Nous venons de lire le récit de la Nativité, et ce qui nous frappe dans ce récit de la Nativité, comme dans celui de l’Annonciation que nous avons lu dimanche, c’est la banalité, la simplicité – du moins en apparence – de cet événement.

Les parents du nouveau-né ne se distinguent en rien des autres habitants du pays : l’Evangéliste nous raconte que, comme tous les autres habitants de la région, Joseph et Marie sont sur les routes pour respecter l’injonction officielle qui leur demande d’aller se faire recenser.

Quant à la naissance de l’Enfant, elle ne se distingue en rien non plus des autres naissances : c’est la simple naissance d’un enfant, une naissance ordinaire qui n’a suscité aucun accueil spécial.

Même si dans le contexte oriental il ne faut pas donner au lieu de cette naissance une connotation misérabiliste, il n’en demeure pas moins que cette naissance est d’une grande banalité et c’est une simple mangeoire qui va servir de berceau à l’Enfant.

Aucun personnage officiel n’a été informé de cette naissance, ni l’empereur Auguste, ni le gouverneur Quirinius, mais aujourd’hui seuls les historiens et les spécialistes se penchent encore sur ces deux personnages, alors que le nom de Jésus-Christ est connu de tous.

Ceux qui sont conviés à cette naissance, ce ne sont pas des personnages officiels, mais de simples bergers qui vivent dehors et passent la nuit dans les champs pour garder leurs troupeaux, ces bergers qui dans le contexte de l’époque étaient une population méprisée dans la mesure où leur activité les empêchait d’avoir une vie religieuse régulière. Le Talmud de Babylone n’hésite pas à les ranger en compagnie des collecteurs d’impôts et des publicains, c’est-à-dire au plus bas dans l’échelle religieuse et sociale.

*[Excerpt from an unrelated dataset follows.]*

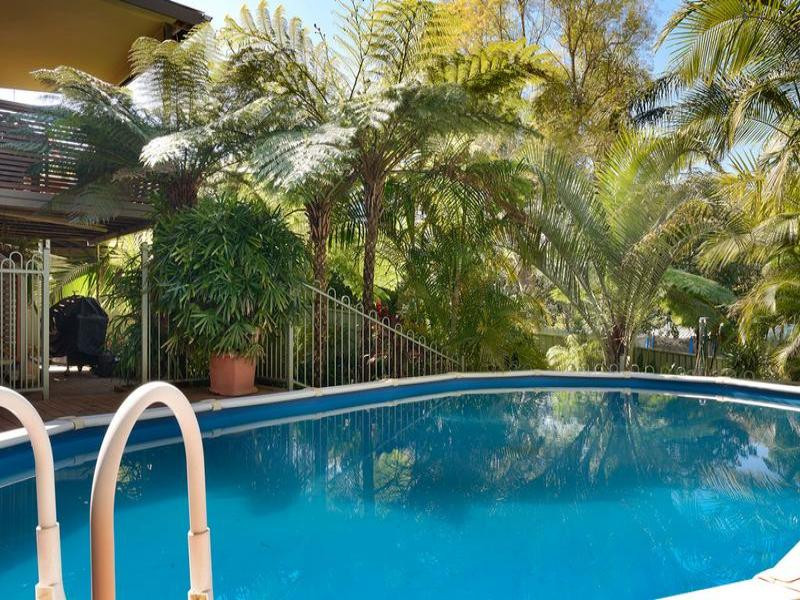 8 Tenth Avenue, Oyster Bay - Thumbnail 6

Oui, nous avons affaire à une naissance qui n’a rien d’exceptionnel. Et pourtant, à propos de cette naissance marquée par la banalité du lieu et des invités, l’Evangéliste parle d’un signe : Voici le signe qui vous est donné, dit aux bergers l’ange du Seigneur.

Un nouveau-né emmailloté et couché dans une mangeoire : ce signe n’est pas juste une indication donnée aux bergers pour leur permettre de localiser Jésus. Il est bien plus que cela : il a un sens, une portée spirituelle, et va donner lecteur une clé pour comprendre l’Evangile.

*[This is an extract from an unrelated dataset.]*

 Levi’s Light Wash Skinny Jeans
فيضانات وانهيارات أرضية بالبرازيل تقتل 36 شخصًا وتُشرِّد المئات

Car le signe dont il est question n’est pas banal : dans des circonstances peu adaptée à la naissance d’un enfant, Marie et Joseph ont utilisé des moyens de fortune pour installer leur nouveau-né le mieux possible.

Le fait que le nouveau-né soit emmailloté et couché dans une mangeoire a de quoi nous surprendre si nous considérons, selon l’Evangile, qu’il est le Messie attendu. Une mangeoire, ce n’est pas un berceau dans un palais royal, mais un objet grossier destiné au bétail qui appartient plus au monde des bergers qu’à celui des dignitaires politiques ou religieux. Quoiqu’il en soit, c’était le seul endroit resté vide.

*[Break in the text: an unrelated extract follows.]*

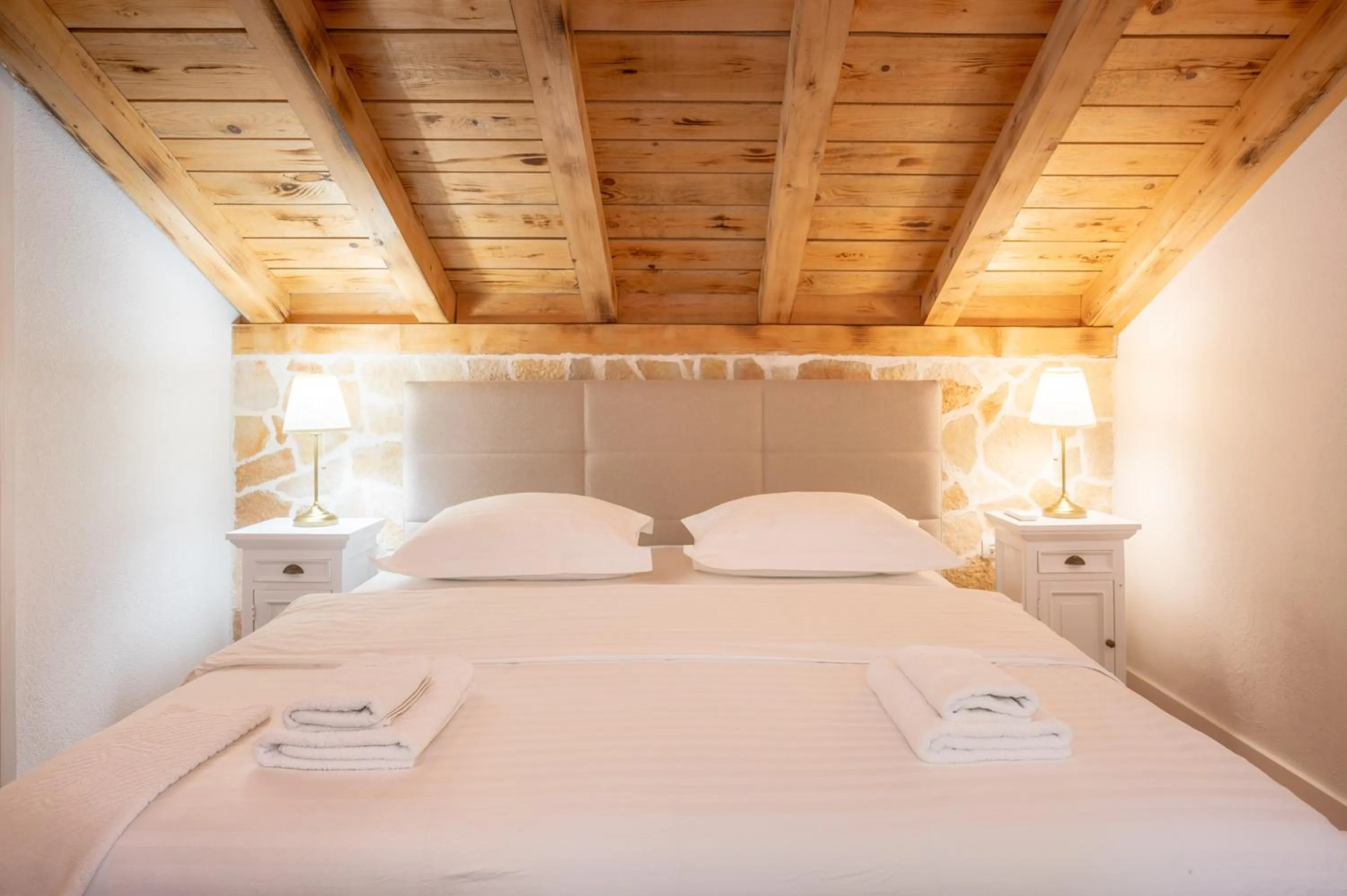 Bedroom, Bed in Nono Ban Stone & Soul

Une mangeoire a quelque chose de rigide, d’inconfortable. Sa fonction n’est pas d’accueillir un nouveau-né, mais de servir à l’alimentation du bétail. L’imagination collective en a fait un objet de bois, mais il est plus probable qu’elle était en pierre ou en pisé.

Par son aspect rigide, cette mangeoire évoque la soumission de Jésus à notre condition humaine, y compris dans ses aspects les plus difficiles.

Cette mangeoire improbable vient souligner le fait que le Messie attendu va vivre une existence qui se caractérisera par une obéissance sans failles. D’ailleurs, le texte dit bien que l’enfant de Marie et de Joseph n’est pas pour eux, mais qu’il a été donné à l’humanité. S’adressant aux bergers, l’ange du Seigneur leur dit : il vous est né un sauveur.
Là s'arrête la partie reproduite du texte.